**HOW TO COMPLETE THIS TASK:**
In the data below, locate the line containing "萨玛拉Paraiso Cocodrilo lodge" and the line containing "Galaxy-SpecialRoses-Hispanoroses-800x800-A", then retype both and everything between them exactly. Pictures are not part of the copy.

:: DATA PROVIDED ::

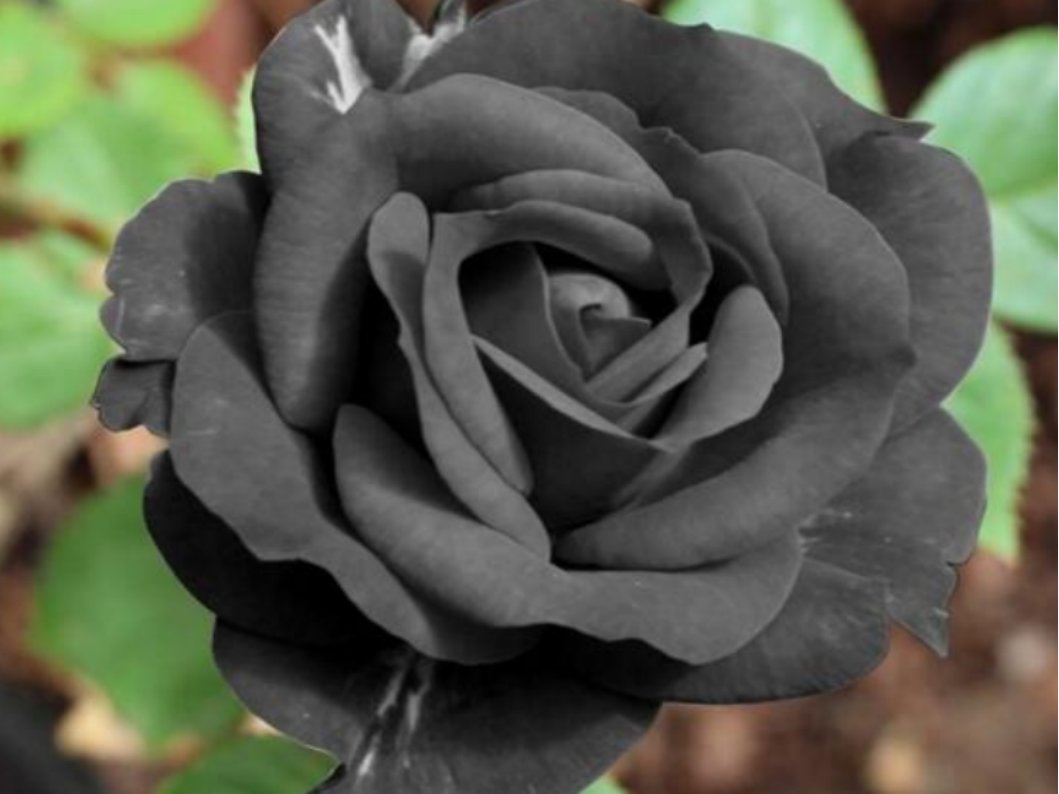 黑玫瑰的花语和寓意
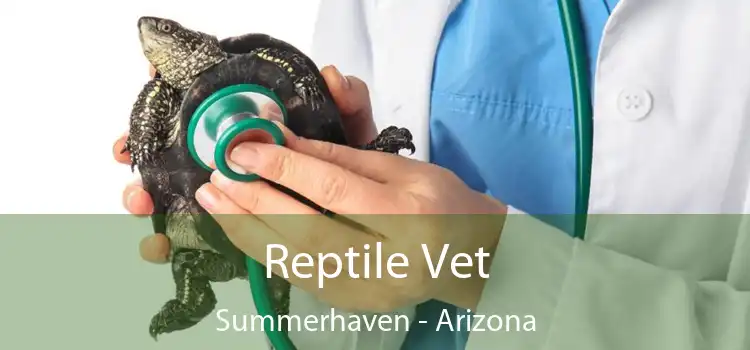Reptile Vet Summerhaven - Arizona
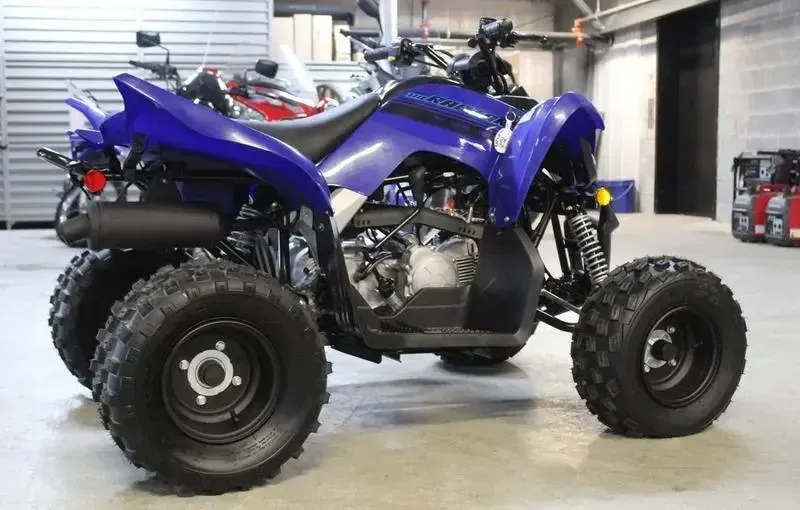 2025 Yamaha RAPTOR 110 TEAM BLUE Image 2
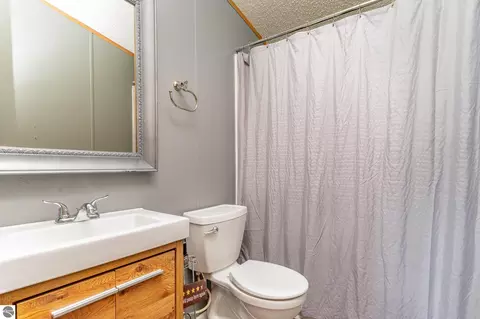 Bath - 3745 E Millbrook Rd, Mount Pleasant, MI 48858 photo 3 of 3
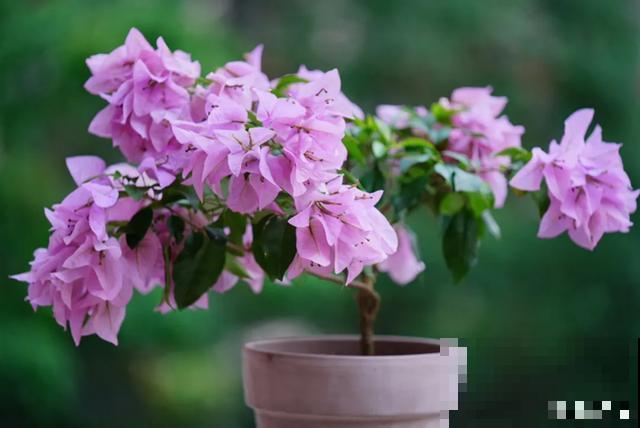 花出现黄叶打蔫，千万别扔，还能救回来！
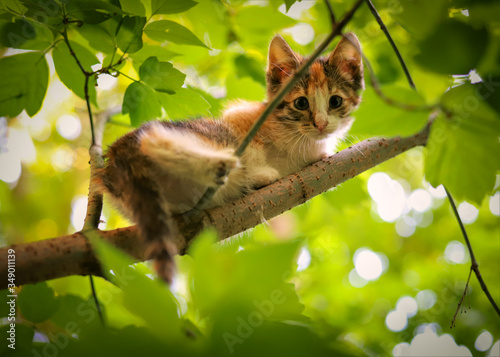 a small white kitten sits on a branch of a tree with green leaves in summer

:::
:: DATA PROVIDED ::

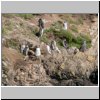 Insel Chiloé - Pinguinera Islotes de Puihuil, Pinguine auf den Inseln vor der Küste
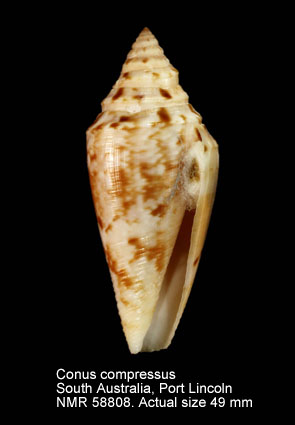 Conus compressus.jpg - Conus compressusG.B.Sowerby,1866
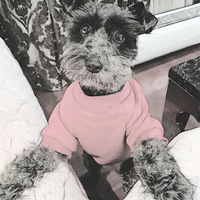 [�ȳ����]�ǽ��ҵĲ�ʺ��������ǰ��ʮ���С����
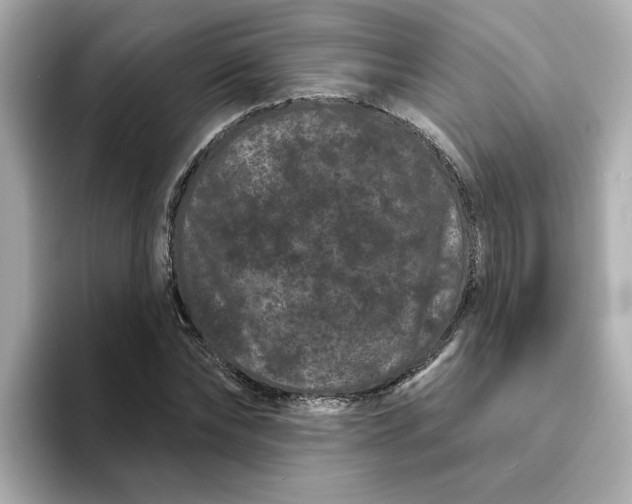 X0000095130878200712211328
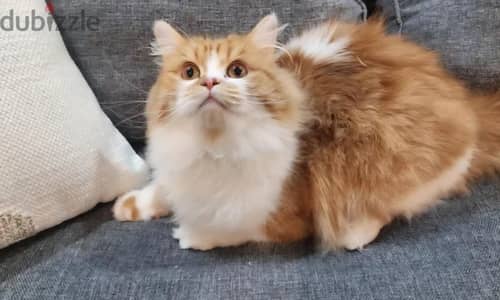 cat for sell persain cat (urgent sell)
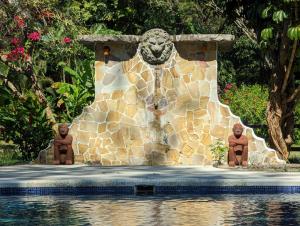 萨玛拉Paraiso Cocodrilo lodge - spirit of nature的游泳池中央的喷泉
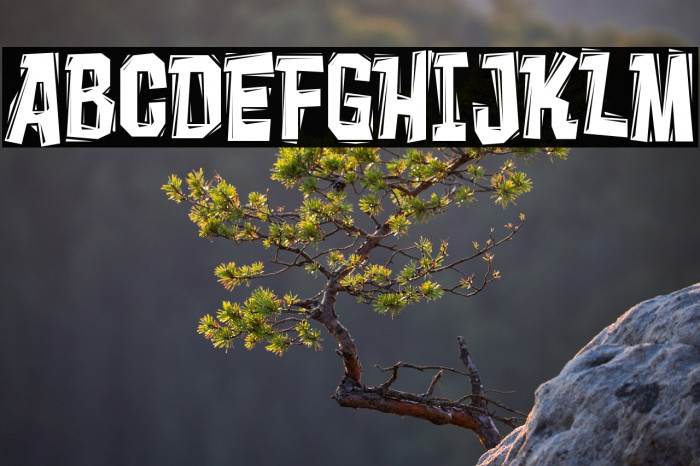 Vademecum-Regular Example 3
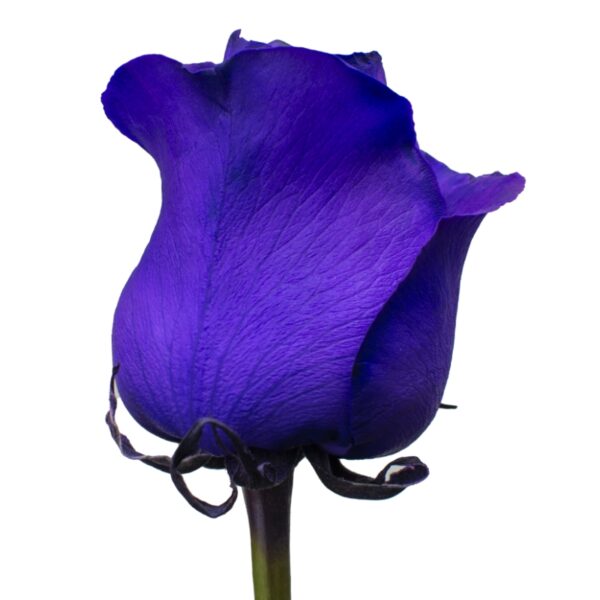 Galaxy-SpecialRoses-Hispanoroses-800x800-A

:::

**TASK OUTPUT:**
 萨玛拉Paraiso Cocodrilo lodge - spirit of nature的游泳池中央的喷泉
 Vademecum-Regular Example 3
 Galaxy-SpecialRoses-Hispanoroses-800x800-A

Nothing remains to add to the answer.